Bu arada ölen sovyet vatandaşlarından sorumlu yalnız ikinci dünya savaşı değildir.

Stalin de en azından o kadar masum Sovyet kanına girmiştir.

Çok çekmiştir sovyet halkı..

Çok......

Bu arada Çin'in de korkunç kayıpları olmuştur..

Açlığın yanı sıra Japon zulmünü de unutmayalım.

Uzak doğu Japonların elinden çok çekmiştir..

Çok......

Link to post
Sitelerde Paylaş

Eh sonunda işi siyasete dökmeyi başardınız.

Stalin, Hitlerin hakkından gelmese idi.

Soykırım boyutlarının nerelere kadar varabileceğini tahmin etmeyi bile istemiyorum.

Tüm sovyetlerin kökünü kazısaydı bu kafadakiler zil çalıp oynayacaktı.

Sonunda sovyetler dağıldı ama bunların düşmanlığı genetiklerine işlemiş.

Havadan para kazanma mekanizmaları güvende olsun yeter ki.

Sevgiler.

Link to post
Sitelerde Paylaş

lamark:Yani canlı yetersizliğini fark ediyor olacak. bu yetersizliğine ilişkin bir vücut formu tasarlayacak ve bu tasarımını genetiğine yansıtacak, ve yeni tasarıma uygun, yeni bir nesil ortaya çıkaracak.

Bu türden bir evrim ispatlanamamıştır. Yani boynuzsuz geyikler kurtlara yem olmamak için boynuz tasarlayıp, boynuz üretmemiştir. Veya yerdeki otlar yetmediği için ağaç yapraklarına ulaşayım diye uzun boyun tasarlanmamıştır.ŞİMDİ EVRİM BÖYLE İŞLEMİYOR:OK BUNU NOT EDELİM

darw:Tesadüfi bir mütasyon ile boynuz veya uzun boyunu avantaj haline getirip koruyarak yaşamda kalmayı başarabilmiştir..OLAY BUDUR:BUNUDA NOT EDELİM:

sonra bunu da not edelim:Lamarkın hipotezi edinilmiş alışkanlıkların,özelliklerin oğul canlıya geçirilemesinin mümkün olmadığının(genetik olarak ve diğer gözlem,deneylerle) gösterilmesiyle yanlışlanmıştır.

anlamak için soruyorum:edinilmiş alışkanlıklar geçemiyor oğula.bu zaten genetiğe geçemiyor değil mi?
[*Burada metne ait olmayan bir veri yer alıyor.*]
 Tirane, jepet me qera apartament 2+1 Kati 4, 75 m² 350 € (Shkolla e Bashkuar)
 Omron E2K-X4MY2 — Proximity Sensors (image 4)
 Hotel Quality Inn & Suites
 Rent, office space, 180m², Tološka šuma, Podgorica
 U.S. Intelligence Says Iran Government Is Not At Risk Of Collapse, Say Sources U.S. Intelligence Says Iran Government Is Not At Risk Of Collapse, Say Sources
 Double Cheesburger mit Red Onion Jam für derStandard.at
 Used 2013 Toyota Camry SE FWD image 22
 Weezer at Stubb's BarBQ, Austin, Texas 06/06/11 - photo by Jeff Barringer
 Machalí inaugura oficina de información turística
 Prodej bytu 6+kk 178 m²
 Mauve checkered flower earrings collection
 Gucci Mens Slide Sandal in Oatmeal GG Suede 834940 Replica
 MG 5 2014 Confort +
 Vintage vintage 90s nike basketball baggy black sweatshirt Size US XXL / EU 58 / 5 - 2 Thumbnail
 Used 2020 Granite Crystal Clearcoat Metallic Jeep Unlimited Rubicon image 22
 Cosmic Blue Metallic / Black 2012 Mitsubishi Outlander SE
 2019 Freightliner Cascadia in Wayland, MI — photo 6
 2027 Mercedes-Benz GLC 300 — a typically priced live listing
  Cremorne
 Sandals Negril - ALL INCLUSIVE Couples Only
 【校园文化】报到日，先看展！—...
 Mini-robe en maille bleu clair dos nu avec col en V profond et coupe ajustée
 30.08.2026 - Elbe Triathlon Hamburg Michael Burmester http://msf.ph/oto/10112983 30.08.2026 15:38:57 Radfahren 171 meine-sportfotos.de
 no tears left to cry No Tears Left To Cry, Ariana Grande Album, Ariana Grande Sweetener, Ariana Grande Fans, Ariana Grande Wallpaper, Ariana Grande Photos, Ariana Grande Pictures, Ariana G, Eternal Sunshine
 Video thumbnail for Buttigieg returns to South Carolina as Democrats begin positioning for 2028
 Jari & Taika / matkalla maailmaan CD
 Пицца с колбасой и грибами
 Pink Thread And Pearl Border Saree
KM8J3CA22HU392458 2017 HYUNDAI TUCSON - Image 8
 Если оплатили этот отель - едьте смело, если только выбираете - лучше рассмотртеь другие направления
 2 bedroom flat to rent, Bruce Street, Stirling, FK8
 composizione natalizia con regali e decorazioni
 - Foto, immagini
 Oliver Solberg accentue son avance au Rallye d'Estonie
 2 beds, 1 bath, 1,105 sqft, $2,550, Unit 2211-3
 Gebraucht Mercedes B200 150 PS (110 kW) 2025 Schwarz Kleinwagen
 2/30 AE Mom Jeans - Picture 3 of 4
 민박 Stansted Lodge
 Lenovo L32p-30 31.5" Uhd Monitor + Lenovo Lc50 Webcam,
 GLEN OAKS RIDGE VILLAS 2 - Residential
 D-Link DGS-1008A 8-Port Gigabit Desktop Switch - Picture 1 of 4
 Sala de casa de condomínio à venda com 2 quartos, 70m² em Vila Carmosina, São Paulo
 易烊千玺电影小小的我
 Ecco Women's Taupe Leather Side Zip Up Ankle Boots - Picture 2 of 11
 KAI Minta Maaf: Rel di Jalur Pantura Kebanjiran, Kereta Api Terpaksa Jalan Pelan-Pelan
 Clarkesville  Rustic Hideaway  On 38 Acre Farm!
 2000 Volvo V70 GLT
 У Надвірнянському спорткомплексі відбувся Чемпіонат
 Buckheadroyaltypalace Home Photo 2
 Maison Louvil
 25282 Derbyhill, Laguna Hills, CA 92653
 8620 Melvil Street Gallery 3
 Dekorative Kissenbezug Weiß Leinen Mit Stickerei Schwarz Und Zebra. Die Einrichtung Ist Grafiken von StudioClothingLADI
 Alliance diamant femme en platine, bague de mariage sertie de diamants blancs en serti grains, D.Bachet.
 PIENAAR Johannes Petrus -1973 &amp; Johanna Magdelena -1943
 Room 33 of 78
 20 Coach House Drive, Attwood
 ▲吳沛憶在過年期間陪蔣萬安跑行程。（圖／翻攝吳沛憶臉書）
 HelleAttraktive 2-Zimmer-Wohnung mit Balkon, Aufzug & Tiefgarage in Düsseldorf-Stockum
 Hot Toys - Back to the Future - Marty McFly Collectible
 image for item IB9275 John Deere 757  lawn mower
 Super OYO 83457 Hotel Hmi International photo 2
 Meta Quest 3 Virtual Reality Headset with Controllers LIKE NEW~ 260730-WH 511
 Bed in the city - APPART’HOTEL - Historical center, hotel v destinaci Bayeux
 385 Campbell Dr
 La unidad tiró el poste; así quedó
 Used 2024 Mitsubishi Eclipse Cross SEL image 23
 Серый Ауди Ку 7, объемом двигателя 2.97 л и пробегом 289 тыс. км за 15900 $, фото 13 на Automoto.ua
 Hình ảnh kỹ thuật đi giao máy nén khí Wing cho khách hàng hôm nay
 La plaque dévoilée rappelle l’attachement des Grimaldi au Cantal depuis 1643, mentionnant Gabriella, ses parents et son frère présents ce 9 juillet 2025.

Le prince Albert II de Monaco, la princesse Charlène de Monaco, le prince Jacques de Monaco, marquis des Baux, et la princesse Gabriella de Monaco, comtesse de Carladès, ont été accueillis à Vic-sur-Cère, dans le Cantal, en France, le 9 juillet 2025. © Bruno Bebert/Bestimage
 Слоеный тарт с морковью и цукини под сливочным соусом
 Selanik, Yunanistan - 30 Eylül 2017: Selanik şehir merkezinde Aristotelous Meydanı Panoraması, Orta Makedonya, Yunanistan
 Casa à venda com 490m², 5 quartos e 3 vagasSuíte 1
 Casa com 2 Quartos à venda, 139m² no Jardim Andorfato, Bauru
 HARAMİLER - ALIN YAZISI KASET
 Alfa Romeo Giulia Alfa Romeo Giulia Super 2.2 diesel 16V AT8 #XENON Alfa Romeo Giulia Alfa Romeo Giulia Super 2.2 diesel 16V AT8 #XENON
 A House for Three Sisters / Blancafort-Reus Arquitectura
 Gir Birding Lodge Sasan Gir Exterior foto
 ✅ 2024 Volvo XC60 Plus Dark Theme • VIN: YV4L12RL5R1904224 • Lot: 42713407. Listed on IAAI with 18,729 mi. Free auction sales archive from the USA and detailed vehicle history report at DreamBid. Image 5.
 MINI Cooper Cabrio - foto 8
peki oğula geçen ne?tesadufi bir mut sonucu "gen"e işlenen bilgimi oğula geçiyor...

bu arad her mutasyon gene işleniyormu?

her gene işleyen şey oğula geçiyor mu?

lütfen "sade" yanıt veriniz..

tarihinde kolonya tarafından düzenlendi
Link to post
Sitelerde Paylaş
lamark:Yani canlı yetersizliğini fark ediyor olacak. bu yetersizliğine ilişkin bir vücut formu tasarlayacak ve bu tasarımını genetiğine yansıtacak, ve yeni tasarıma uygun, yeni bir nesil ortaya çıkaracak.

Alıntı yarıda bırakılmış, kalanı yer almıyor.